In regards to the allegation: “Staff did not seek medical attention for resident in a timely manner.” It is alleged that R1 did not receive timely medical attention after suffering a fall and being in pain for several days. This allegation was investigated and completed by Investigator Santana with the Investigations Branch. Interviews conducted revealed that after R1 was found on her bedroom floor sometime between 0600-0700 hours on 10/14/2022, S3 assessed R1 and concluded she had not sustained injury, since there was no visible injury and R1 was able to take a few steps with her walker without complaining of any pain. S3 did not call 911 despite the fall having been unwitnessed because there was no apparent injury and R1 was on hospice, but S1-S2 conceded that the S3 should have called 911 even though R1 was on hospice because of uncertainty about whether R1 hit her head. S3 instead notified VITAS Hospice, likely at 0805 hours that same day, but a VITAS nurse did not arrive to assess R1 until 10/17/2022. Interviews, facility phone records, and VITAS records suggest the facility did not inform VITAS about R1’s change of condition despite calls from VITAS nurse on 10/15/2022 and 10/16/2022 to ask about R1. R1’s change of condition was evident based on facility staff member interviews and documentation, noting that after the fall, R1 was no longer attempting to get up from her wheelchair to bang on windows, which she had done as recently as the day prior. Additionally, R1 was noted as being sleepy and as sleeping the majority of the day on the three days following the fall. While the facility suggested this lethargy could have been attributed to Ativan, R1 had been taking the same amount of Ativan since 10/10/2022, when R1 was still agitated. A VITAS nurse assessed R1 on 10/17/2022 but did not get R1 out of bed. When a staff attempted to get R1 out of bed, at family member’s request, on the afternoon of 10/17/2022, R1 screamed out “in excruciating pain,” saying her back hurt. R1 was transported to the hospital on 10/17/2022 for congestion and left lower abdominal pain and was found to have a fractured left hip that was within two weeks old. R1 ultimately underwent a hip replacement. Had the facility called 911 on 10/14/2022, it is likely R1 could have been treated sooner. The allegation that facility Neglect/Lack of Supervision contributed to a delay in obtaining medical attention for R1 is therefore Substantiated.

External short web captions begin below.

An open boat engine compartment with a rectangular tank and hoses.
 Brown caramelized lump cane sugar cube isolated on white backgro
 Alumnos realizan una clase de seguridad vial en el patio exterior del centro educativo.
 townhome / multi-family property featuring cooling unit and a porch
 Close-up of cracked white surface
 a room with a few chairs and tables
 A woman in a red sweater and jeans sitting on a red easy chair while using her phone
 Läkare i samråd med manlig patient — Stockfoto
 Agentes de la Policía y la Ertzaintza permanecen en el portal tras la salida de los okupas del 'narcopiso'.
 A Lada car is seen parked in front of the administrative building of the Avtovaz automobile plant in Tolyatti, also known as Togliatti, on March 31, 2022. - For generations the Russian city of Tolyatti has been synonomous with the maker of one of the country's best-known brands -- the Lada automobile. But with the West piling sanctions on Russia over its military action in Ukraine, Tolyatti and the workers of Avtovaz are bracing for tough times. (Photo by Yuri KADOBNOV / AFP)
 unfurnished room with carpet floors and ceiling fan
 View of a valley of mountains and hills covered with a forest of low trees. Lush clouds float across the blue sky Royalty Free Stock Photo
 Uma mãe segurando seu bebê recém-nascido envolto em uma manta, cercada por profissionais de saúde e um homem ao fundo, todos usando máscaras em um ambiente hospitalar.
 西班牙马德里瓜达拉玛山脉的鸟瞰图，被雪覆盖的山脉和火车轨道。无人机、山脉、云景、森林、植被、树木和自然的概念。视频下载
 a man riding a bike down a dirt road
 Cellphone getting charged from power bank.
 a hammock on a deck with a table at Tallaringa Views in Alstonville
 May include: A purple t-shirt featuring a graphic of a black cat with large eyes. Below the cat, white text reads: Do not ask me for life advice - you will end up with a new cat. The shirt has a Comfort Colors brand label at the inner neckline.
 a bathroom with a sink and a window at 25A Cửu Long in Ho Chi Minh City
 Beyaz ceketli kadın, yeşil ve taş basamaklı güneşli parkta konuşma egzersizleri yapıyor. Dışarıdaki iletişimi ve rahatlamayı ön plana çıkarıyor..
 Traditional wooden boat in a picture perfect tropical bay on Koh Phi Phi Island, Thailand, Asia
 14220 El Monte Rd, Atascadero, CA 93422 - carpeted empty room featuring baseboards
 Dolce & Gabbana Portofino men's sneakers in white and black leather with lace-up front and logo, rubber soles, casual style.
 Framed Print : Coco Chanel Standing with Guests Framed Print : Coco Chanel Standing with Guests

***An immediate civil penalty will be issued today, in the amount of $500 due to neglect/lack of supervision which contributed to a delay in obtaining medical attention in which resident sustained a hip fracture. ***
At this time an Enhanced Civil Penalty (ECP) determination is pending in reference to Health and Safety Code 1569.49(f) and may be assessed at a later date.
An exit interview was conducted, and a copy of this report was provided to the Administrator along with the Appeals Rights.